A Study of TQB2450 in Subjects With Stage III Non-Small Cell Lung Cancer(NSCLC)

Status:
Recruiting

Trial end date:
2025-03-01

Target enrollment:
0

Participant gender:
All

Summary

This study is a randomized, double-blind, double-dummy,placebo parallel controlled, multi-centre,phase III clinical trial to evaluate the efficacy and safety of TQB2450 with or without anlotinib compared with placebo as consolidation treatment in subjects with locally advanced/unresectable (Stage III) Non-Small Cell Lung Cancer that has not progressed after prior concurrent/sequential chemoradiotherapy.

Phase:

Phase 3

Accepts Healthy Volunteers?

Details

Lead Sponsor:

Chia Tai Tianqing Pharmaceutical Group Co., Ltd.

Criteria

Inclusion Criteria:

1. 18-75 years old ; Eastern Cooperative Oncology Group (ECOG) performance status of 0 to
1; Life expectancy ≥ 3 months.

2. Histologically or cytologically confirmed unresectable (Stage III) Non-Small Cell Lung
Cancer.

3. At least has one measurable lesion before radiotherapy.

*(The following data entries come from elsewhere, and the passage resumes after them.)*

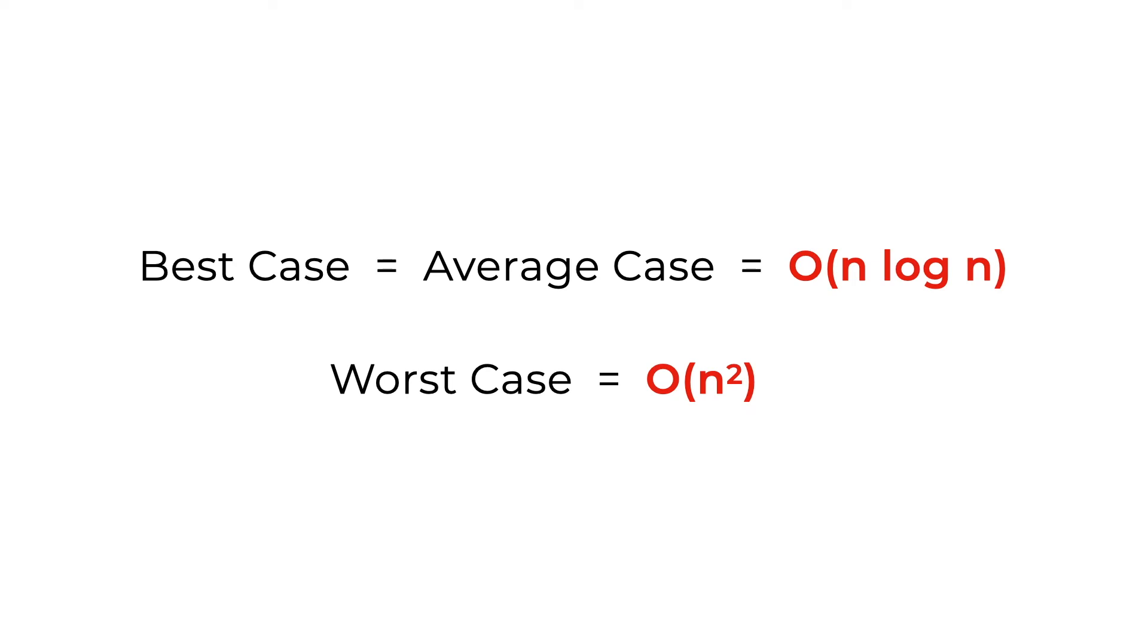If the pivot is chosen from the rightmost of the array, the worst case is going to be the reverse array. While if the pivot is the leftmost element in the array, the worst case is going to be a sorted array.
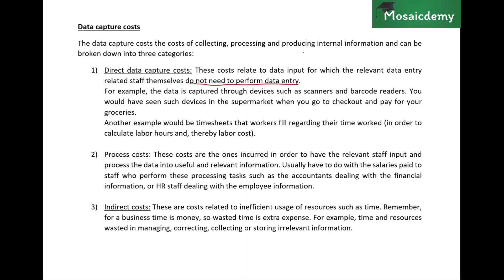For example, consider a supermarket checkout: the cashier scans items using barcode readers, and those items automatically appear in the system with their price, item name, and quantity. The accountant didn't need to pass entries for these sales — they were automatically captured by the scanners. The cost of those scanners, barcode readers, and linking them to the system are all examples of direct data capture costs.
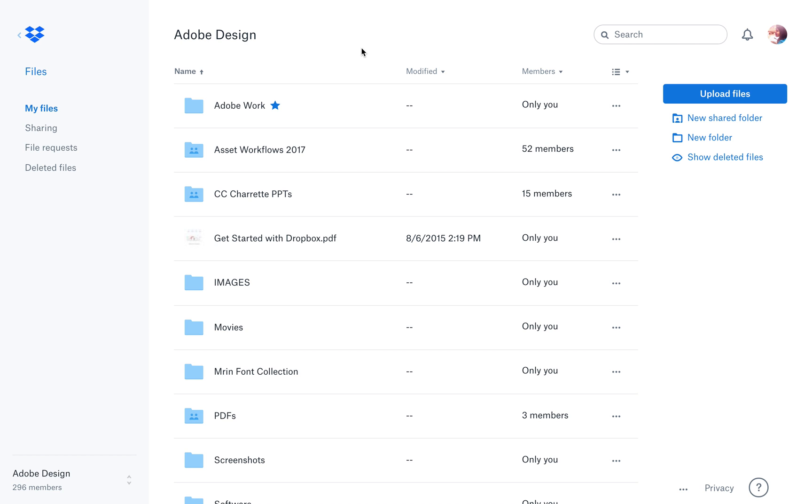So here I am in Dropbox. This is the web app. My aim is to look for a backpack image which is a PNG and of a certain file size, maybe a large file size that I have defined.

4. At least has one type of platinum-containing chemotherapy, Absence of progression
after concurrent/sequential chemoradiotherapy.

5. Adequate laboratory indicators.

6. No pregnant or breastfeeding women, and a negative pregnancy test.

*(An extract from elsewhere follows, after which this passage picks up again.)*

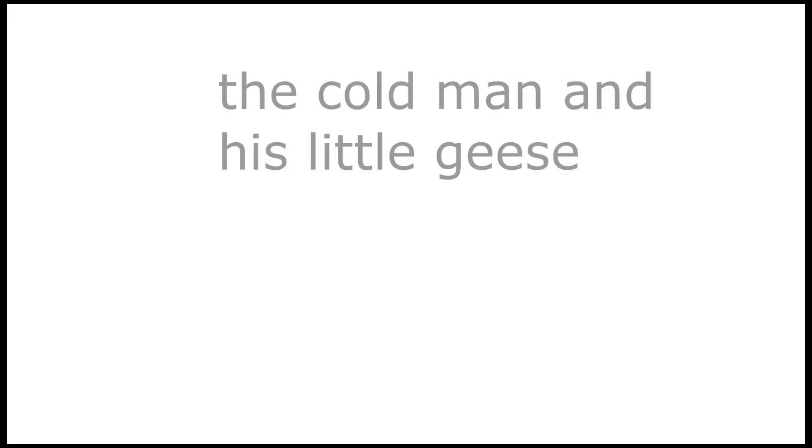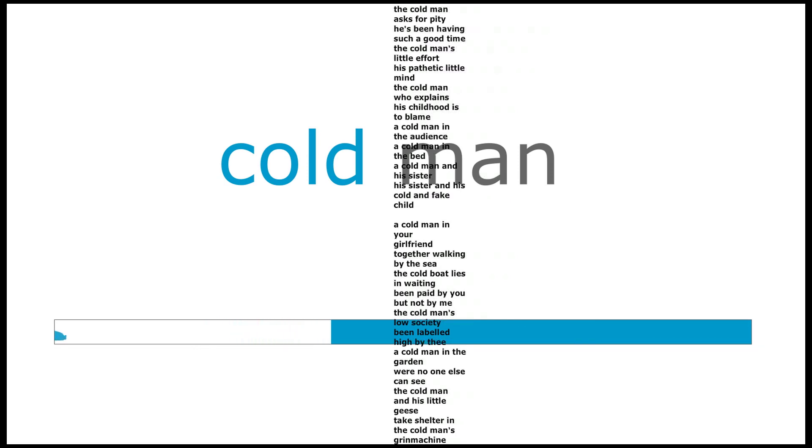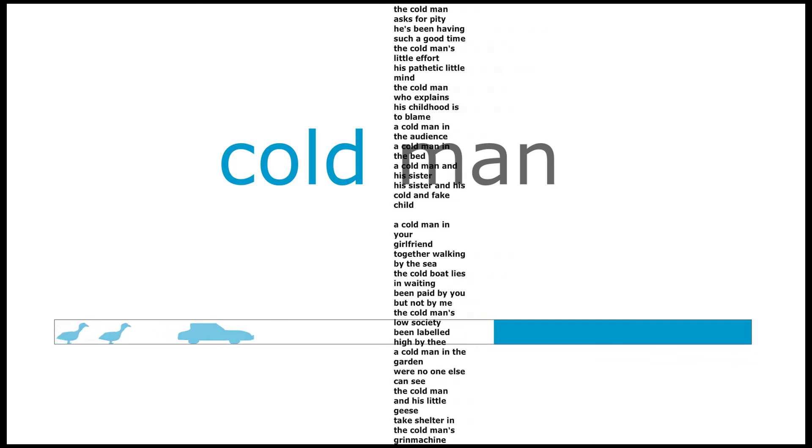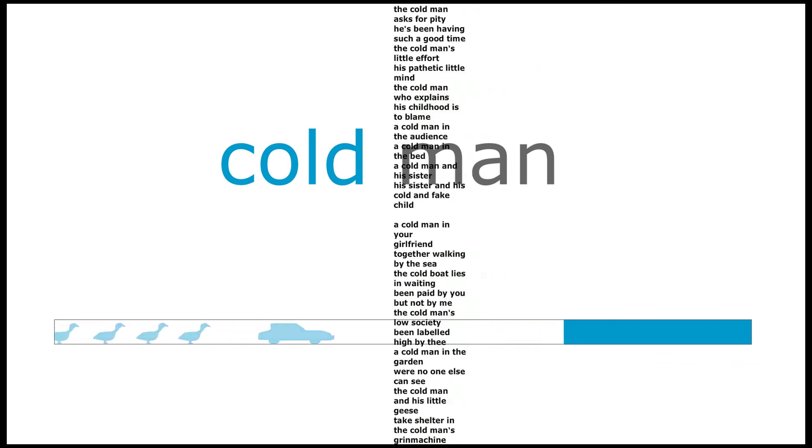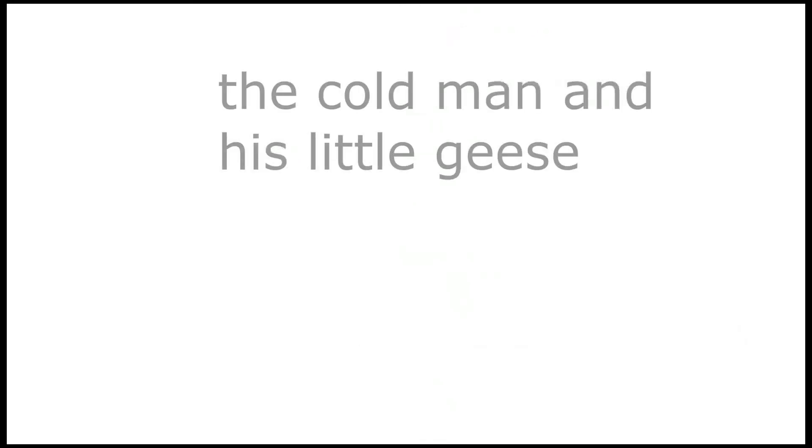The cold man and his little piece, take shelter in the cold man's pin machine.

7. Understood and signed an informed consent form.

Exclusion Criteria:

1. Squamous cell carcinoma meets following conditions should be excluded:

1. Cavernous lung cancer.

2. Has hemoptysis and maximum daily hemoptysis volume ≥ 2.5ml within 1 month before
the first administration.

2. Has received anti-angiogenic drugs or other PD-1 / PD-L1 / CTLA-4 antibody therapy or
other immunotherapy against PD-1 / PD-L1 / CTLA-4.

3. Severe hypersensitivity occurs after administration of other monoclonal antibodies.

4. Diagnosed and/or treated additional malignancy within 5 years with the exception of
cured basal cell carcinoma of skin ,carcinoma in situ of prostate,and carcinoma in
situ of cervix.

5. Pathologically confirmed mixed small cell and non-small cell lung cancer.

6. EGFR gene mutations.

7. Has any active autoimmune disease or history of autoimmune disease.

8. After the early stage of chemoradiotherapy, the treatment toxicity ≥ grade 2 is not
fully alleviated.

9. Has ≥grade 2 pneumonia.

10. Immunosuppressant or systemic or absorbable local hormone therapy is required to
achieve the aim of immunosuppression (dose > 10mg/ day prednisone or other
therapeutic hormones) and is still used within 2 weeks after the first administration.

11. Has multiple factors affecting oral medication.

12. Has active bleeding or a persistent decrease in hemoglobin.

13. Has any bleeding or bleeding events ≥grade 3 in the first 4 weeks before the first
administration.

2.Has received anti-angiogenic drugs or other PD-1 / PD-L1 / CTLA-4 antibody therapy or
other immunotherapy against PD-1 / PD-L1 / CTLA-4.

14. Has unhealed wounds, fractures, active gastric and duodenal ulcers, positive continuous
fecal occult blood, ulcerative colitis in the first 4 weeks before the first
administration.

15. Has received NMPA approved anti-tumor drugs or immunomodulatory drugs for systemic
treatment within 2 weeks before the first administration.

16.Has a history of a hematological system transplantation or organ transplantation.

17. Has active diverticulitis、peritoneal abscess, intestinal obstruction. 18. Has any
serious and/or uncontrollable disease. 19. According to the judgement of the investigators,
there are other factors that may lead to the termination of the study.